Pare the leather, thin the skin
where it must stretch and crease.
Then paste: the tanned flesh darkens,
wet and chill, fingers working
over spine and cords, into joints,
mitreing corners neat and flat.
Bandage the book in paper, let it
settle under weights, day after day
until the leather’s dry and tight.
When the time is right for finishing,
black the room, clamp the book
spine up in the beech-wood press,
the lamp pointing where to begin.
Hot brass letters and a vigilant hand––
an accurate blind impression.
Paint in glair with a fine brush,
lay on gold leaf, with level breath.
Tilt the light, shadows will reveal
the place to press the tool again.
Now, strike the gold––feel the title
word by word, bright in the grain.
Clare Best, from Excisions (Waterloo Press, 2011)
A year ago I went to hear Clare Best read from her extraordinary book Excisions (Waterloo Press, 2011). Clare was taking part in a reading to launch a collaboration between the the University of Exeter’s College of Humanities and Arts and Culture Teams. The evening brought together Clare, a poet, with a photographer, a medical practitioner, a writer and psychologist, a cultural historian and a literary critic to explore the issue of preventative medicine, cancer and our perceptions about the body.
To listen to Clare speak about her preventive double mastectomy, with accompanying poems, was a revelation. It is commonplace for artists to use their biographies as material for their work, but less so to encounter such a rich and strange transformation in their presentation of the actuality. In the words of her publisher, this is indeed ‘pioneer territory’, which explores ‘how it feels to experience radical surgery and its aftermath in a society permeated by orthodox ideas of perfection and beauty.’
Poem after poem in ‘Self-portrait without breasts’, the central section of Excisions, takes the reader unsparingly through the process of diagnosis, surgery, recuperation and aftermath. The best of these turn on fictions and images not always allied to the narrative in hand, telling it altogether more powerfully for going at it slant.

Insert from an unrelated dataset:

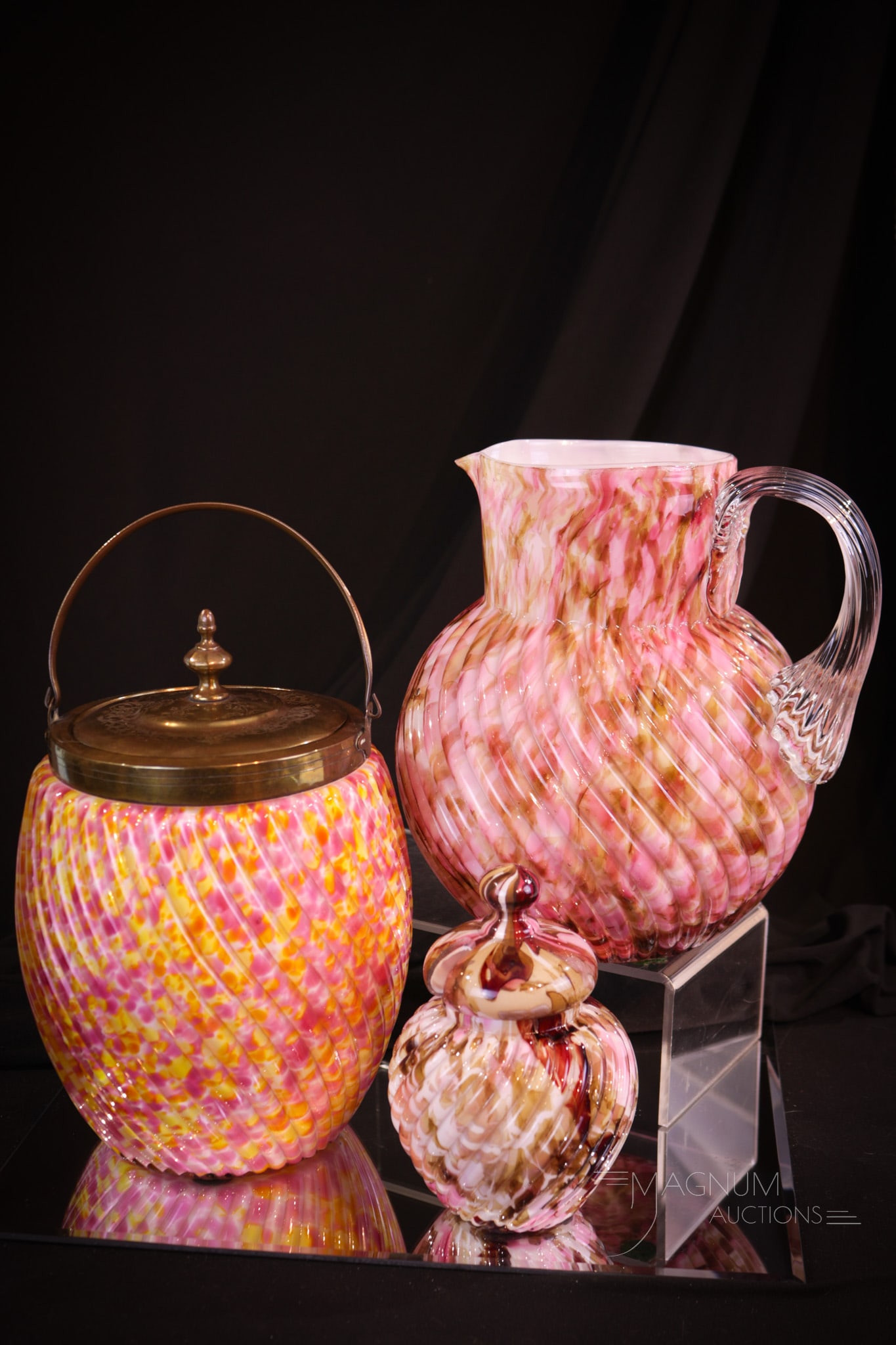 3 pc Lot Victorian Cased Rainbow Spatter Glass (1 of 11)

My favourite of these is ‘The bookbinder’. The conceit of the poem, apparent from the first line (‘Pare the leather, thin the skin/where it must stretch and crease’), links the bookbinder’s trade to that of a surgeon. Everything in the poem is solid, yet freighted with extra meaning, coming at it does right at the end of the ‘self-portrait’ sequence. It is a poem of flesh, ‘fingers working/over spine and cords, into joints.’
Written in short sentences based on terse, imperative verbs, the poem describes the bookbinder laying on gold leaf ‘with level breath’. That phrase could serve as a description of the book’s procedures as a whole, which is remarkably even in tone. To call work of this kind ‘brave’ is trite (and, personally speaking, the last thing a patient/sufferer usually wants to hear). Nevertheless, we need to recognise innovative and ground-breaking work when we see it, whether that is achieved in tone, content or form. Clare Best masters all three in Excisions. We need more books like it.